Kassandra Wedel: Ich kann die Bewegungen sehen: die vom Cello sind größer, aber auch diejenigen von der Flöte habe ich gelernt zu lesen, auch wenn sie feiner sind. Ich muss mich darauf einlassen, dann habe ich eine auditive Klangvorstellung oder spüre die Energie durch ihre Spielbewegungen. Beim Gesang bewegen sich die Lippen und ich kenne die Texte ja und wir haben alles geprobt. (lacht)
HR: Interessant! Wie funktioniert denn auf der anderen Seite die Rezeption von Musik bzw. Ihres Programms für taube Menschen im Publikum?

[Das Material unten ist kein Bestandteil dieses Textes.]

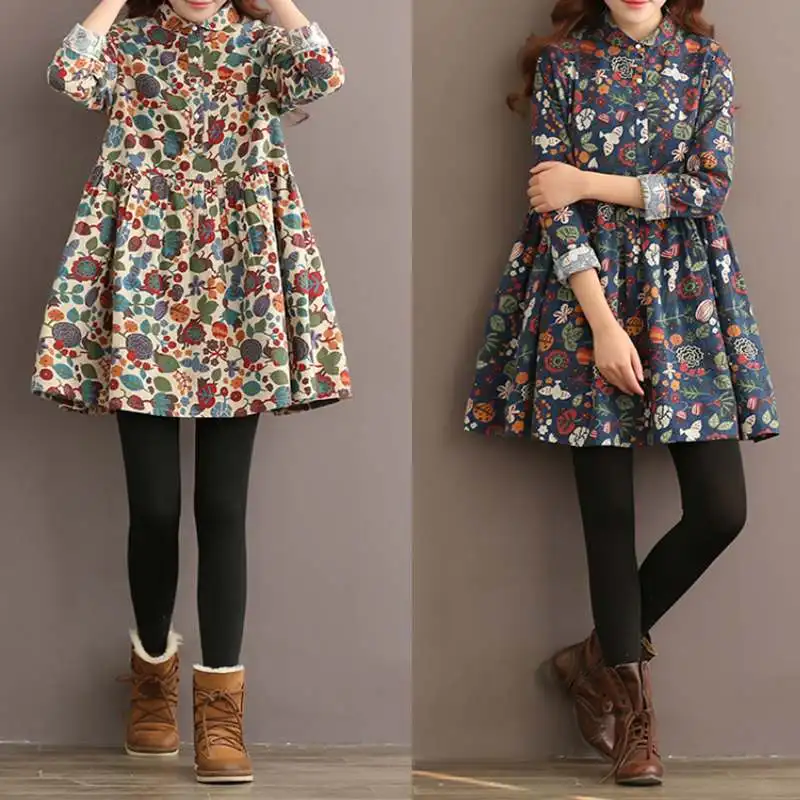 

Women Bohemian Floral Print Dress Celmia 2022 Vintage Mini Dresses 2022 Fashion Long Sleeve Pleated Shirt Vestidos Oversized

Kassandra Wedel: Unsere Musikperformances vereinen immer Musik und Gebärden als künstlerische Ausdrucksmittel. Auch die Musikerinnen übernehmen zum Teil Elemente der Gebärdensprache: eindeutige, teils auch abstrakte Bewegungen, die Momente und Stimmung der Musik wiedergeben. Daraus entsteht zusammen mit der Musik und zeitgenössischem Tanz ein sehr ausdrucksstarkes Gebilde und eine Interaktion – ein neuer Raum der Wahrnehmung entsteht. Die Musik findet daher nicht nur auf einer auditiven Ebene statt, sondern auch auf einer visuellen. Ich denke, unsere Ensemble-Konstellation ist neu und sehr modern, es ist auch für taubes Publikum sicher etwas Neuartiges, da es sich nicht um eine 1:1-Übersetzung handelt, sondern alles Teil des gesamten Werkes ist.
HR: Sie sprachen schon an, dass das Publikum – wie auch Ihr Ensemble – gemischt zusammengesetzt ist aus tauben sowie hörenden Menschen. Wie sind denn Ihre bisherigen Erfahrungen der Rezeption von hörenden Menschen?
Désirée Hall: Viele Hörende in unseren Aufführungen haben uns bisher von einer besonderen und intensiven Erfahrung der Wahrnehmung berichtet, die auch eine nachhaltige Wirkung hatte. Die Gebärdenpoesie ist darüber hinaus für die meisten hörenden Zuschauer*innen etwas Neues, das sie neugierig macht. Auch die Erfahrung, Inhalte einmal nicht zu verstehen, wenn sie gebärdet werden, kann zum Nachdenken anregen. „Echo:Reflexion“ ist für viele ein Projekt, das fasziniert, aber auch berührt. Ich denke, man spürt auf und hinter der Bühne auch die Leidenschaft, mit der das Ensemble dabei ist.
HR: Wo Sie gerade von Leidenschaft sprechen: Was ist für Sie persönlich das Schönste an Ihrer Zusammenarbeit?
Maren Schwier: Mich persönlich berührt besonders das gemeinsame Betrachten und Begreifen dieses künstlerischen Schwellenmoments, auf dem unser Programm balanciert; gemeinsam einen Puls, eine Kommunikation und Darstellung finden. Mir ist dabei wichtig, als Sängerin meinem Gesang eine künstlerische Visualität zu verleihen, die keine klassische Übersetzung darstellt, sondern die Bewegung der Stimme im Sinne der Gebärdenpoesie von Kassandra wiedergibt. Kassandras Expertise ist hierbei unersetzlich, um eine Umsetzung zu finden, die am Ende eine gleichermaßen poetische als auch zugängliche Musik-Erfahrung für das Publikum erzeugt. Jede einzelne Künstlerin bringt also ihre individuellen, künstlerischen Erfahrungen auf den unterschiedlichsten Ebenen mit ein und das öffnet so viele Räume, die diese Arbeit für mich so wertvoll und inspirierend machen.
HR: Was möchten Sie als Ensemble Menschen mit auf den Weg geben?
Kassandra Wedel: Dass Musik mehr ist als nur das, was man hört. Sie ist „in transition”: visuell, sichtbar, spürbar, hörbar und bewegt.